In the first training session, the coaches wasted no time in making sure we were communicating with each other, or learning what happens when you don’t. The workout for time was as follows:

  • 50 deadlifts (135#)
  • 50 hang power cleans (135#)
  • 50 shoulder to overhead (135#)
  • 50 toes to bar
  • 50 handstand pushups
  • 300 double unders


Your team could break up the reps in whatever way you wanted. However, for the first three movements, the bar was not allowed to touch the ground.

This meant that if you wanted to switch with a teammate during the deadlift, you had to somehow pass the bar over to your teammate.

Like the others, we found it easiest to have one person on each side of the bar. We decided that when the person had done as many reps as they could they would say “Switch”.

The two guys on either end would grab the bar and say “On” and then that person who just went would take over holding the end of the bar and teammate #2 would go to the middle of the bar and grab hold and yell “Off” when they had a secure grip.

It was a simple system yet complicated by us not knowing each other well enough yet to instantly read each other’s signs.

And as the clock progressed, we learned how you had to be very loud and clear no matter how tired you were getting to make sure the teammates knew when to take the bar or to let it go.

We never dropped the bar, but we were not running smoothly.

This past Saturday for the second training sessions, we were off to a bad start as Jarrod was nowhere to be seen.

He bartends and works long nights. A phone call after he was 15 minutes late to training revealed that he was still sleeping.

He proved his commitment though by rushing over to the gym and getting there 1-minute before the workout started. He had to go cold into the following:

  • Event 1 – Burpees to 6′ target (7-minute time cap)
  • 10-min Rest
  • Event 2 – Each teammate had to do 30 calorie Row, 20 Deadlift (225#), 100 Double-under, 30 Shoulder-to-overhead (85#), 30 Pull-ups. One person followed the next through the sequence and two people could not do the same movement at the same time. The event had a 20 minute time cap.
  • 10-min Rest
  • Event 3 – 70 Snatches @ 85# and 70 Clean & Jerks @ 85# (8-minute time cap)

Each event had its own challenges and required that constant support and communication that are so important to a team’s success.

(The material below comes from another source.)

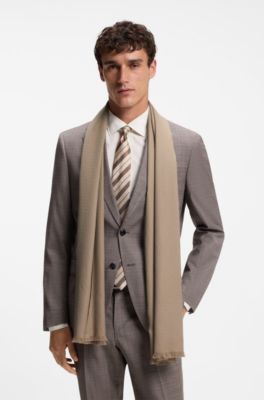 Monogram scarf in cotton and wool, Beige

In Event 1, we decided to each do 7 burpees and then switch. I was to keep count the whole time to make sure we did not lose track.

We picked a number that we felt was doable for all and left everyone with enough wind in their sails to get through the whole event without faltering too much. We ended up with 146 burpees total.

In Event 2, we identified that Nick should be the leader and go first. He was awake and energized and feeling strong.

Jarrod, having woken up thanks to the burpees, went second as he could move faster through the deadlift than I could.

The goal was to have everyone finish, but also to as a back-up figure out a strategy that would get us the most total reps.

And if you ended up having to wait for the person ahead to finish a movement, it was key that you support and encourage them to keep everyone motivated and moving.

In the last event, we decided to each do the number of reps we were comfortable with. We had learned the week before that you have to check the ego at the door.

If you are getting close to being spent or failing a rep, you have to let your teammate tag in rather than waste time trying to prove you can get one more rep. We all want to win but we can’t do so by “hogging the ball”.

We also learned when we got to the clean and jerks how we all need to be on the same page and have a clear understanding of the rules. I thought the movement was just power cleans. Nick knew it was clean and jerks.

Jarrod was not sure and just following our lead. We would have been corrected by a judge very quickly in the competition but it would also have been to our detriment and a waste of energy if we were doing the wrong movement.

And yet we did so anyways and did 70 power cleans. It was practice so it was fine. But those type of mistakes are huge on game day.

We can’t meet this weekend due to schedule conflicts. I think we need to find an activity outside of the gym to get to know each other better and form that crucial bond. Maybe we should go rock climbing?